On Tuesday, Obama made his first public comment on the leaks. The President spoke at the Rose Garden after a meeting with congressional leaders to discuss the war funding.
PRESIDENT BARACK OBAMA: I also urged the House leaders to pass the necessary funding to support our efforts in Afghanistan and Pakistan. I know much has been written about this in recent days as a result of the substantial leak of documents from Afghanistan covering a period from 2004 to 2009. While I’m concerned about the disclosure of sensitive information from the battlefield that could potentially jeopardize individuals or operations, the fact is these documents don’t reveal any issues that haven’t already informed our public debate on Afghanistan. Indeed, they point to the same challenges that led me to conduct an extensive review of our policy last fall.

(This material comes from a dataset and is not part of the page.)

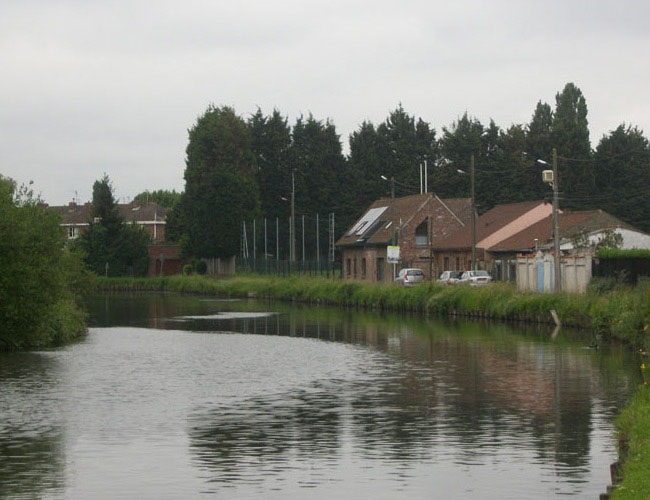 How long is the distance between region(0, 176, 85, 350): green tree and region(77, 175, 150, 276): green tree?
8357cm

So let me underscore what I’ve said many times: for seven years, we failed to implement a strategy adequate to the challenge in this region, the region from which the 9/11 attacks were waged and other attacks against the United States and our friends and allies have been planned. That’s why we’ve substantially increased our commitment there, insisted upon greater accountability from our partners in Afghanistan and Pakistan, developed a new strategy that can work, and put in place a team, including one of our finest generals, to execute that plan. Now we have to see that strategy through.
And as I told the leaders, I hope the House will act today to join the Senate, which voted unanimously in favor of this funding, to ensure that our troops have the resources they need and that we’re able to do what’s necessary for our national security.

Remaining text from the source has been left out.